Monroe, North Carolina, 1961. Robert F. Williams leidt geweldloze acties tegen de rassenscheiding in zijn stad. Als kort na elkaar zwarte vrouwen worden mishandeld door witte mannen en zwarte mannen worden vermoord door de Ku Klux Klan en de daders vrijuit gaan, roept Williams de zwarte bevolking op zich te bewapenen. Dat maakt hem tot doelwit: de KKK wil hem lynchen en de FBI verklaart hem tot staatsvijand nummer 1.
Halsoverkop vlucht hij, samen met zijn vrouw en twee zoontjes. Eerst naar Cuba als gast van Fidel Castro, daarna naar China. Pas als Richard Nixon de banden met Mao Zedong aanhaalt kan het gezin huiswaarts keren.

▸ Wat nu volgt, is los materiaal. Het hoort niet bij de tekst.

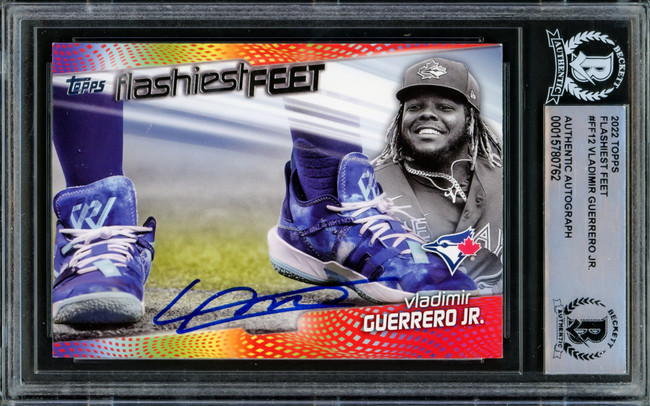Vladimir Guerrero Jr. Autographed 2022 Topps Flashiest Feet Card #FF-12 Toronto Blue Jays Beckett BAS #15780762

Otten vertelt dit waargebeurde verhaal vanuit de jongste zoon en de vrouw van Williams, een wervelende roman over strijd tegen onrecht en opkomen voor het recht te mogen zijn wie je bent, ongeacht de consequenties. Geschreven vanuit zielsverwantschap is We hadden liefde, we hadden wapens een nieuw hoogtepunt in een eigenzinnig oeuvre.